_Dataset records_.
════════════════

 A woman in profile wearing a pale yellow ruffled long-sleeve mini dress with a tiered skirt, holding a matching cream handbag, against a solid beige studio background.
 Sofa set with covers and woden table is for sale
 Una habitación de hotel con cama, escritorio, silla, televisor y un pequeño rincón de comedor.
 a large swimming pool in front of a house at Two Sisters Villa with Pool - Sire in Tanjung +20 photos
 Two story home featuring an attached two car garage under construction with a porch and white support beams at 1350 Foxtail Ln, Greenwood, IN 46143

════════════════

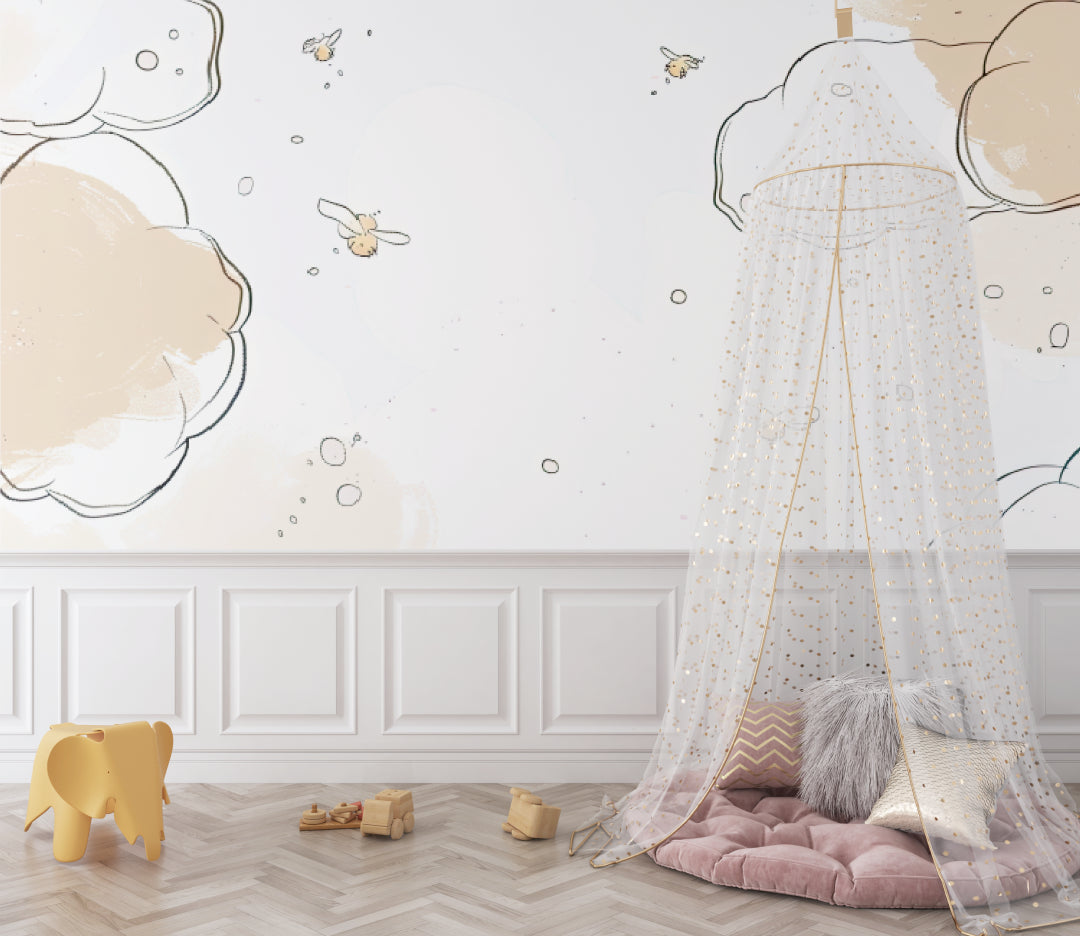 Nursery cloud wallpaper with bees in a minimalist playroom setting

════════════════

_What needs to be done_. Look through the data above and return exactly the lines from the one that contains "Una habitación de" to the one that contains "Two story home", inclusive, with nothing else.

_Result below_.
 Una habitación de hotel con cama, escritorio, silla, televisor y un pequeño rincón de comedor.
 a large swimming pool in front of a house at Two Sisters Villa with Pool - Sire in Tanjung +20 photos
 Two story home featuring an attached two car garage under construction with a porch and white support beams at 1350 Foxtail Ln, Greenwood, IN 46143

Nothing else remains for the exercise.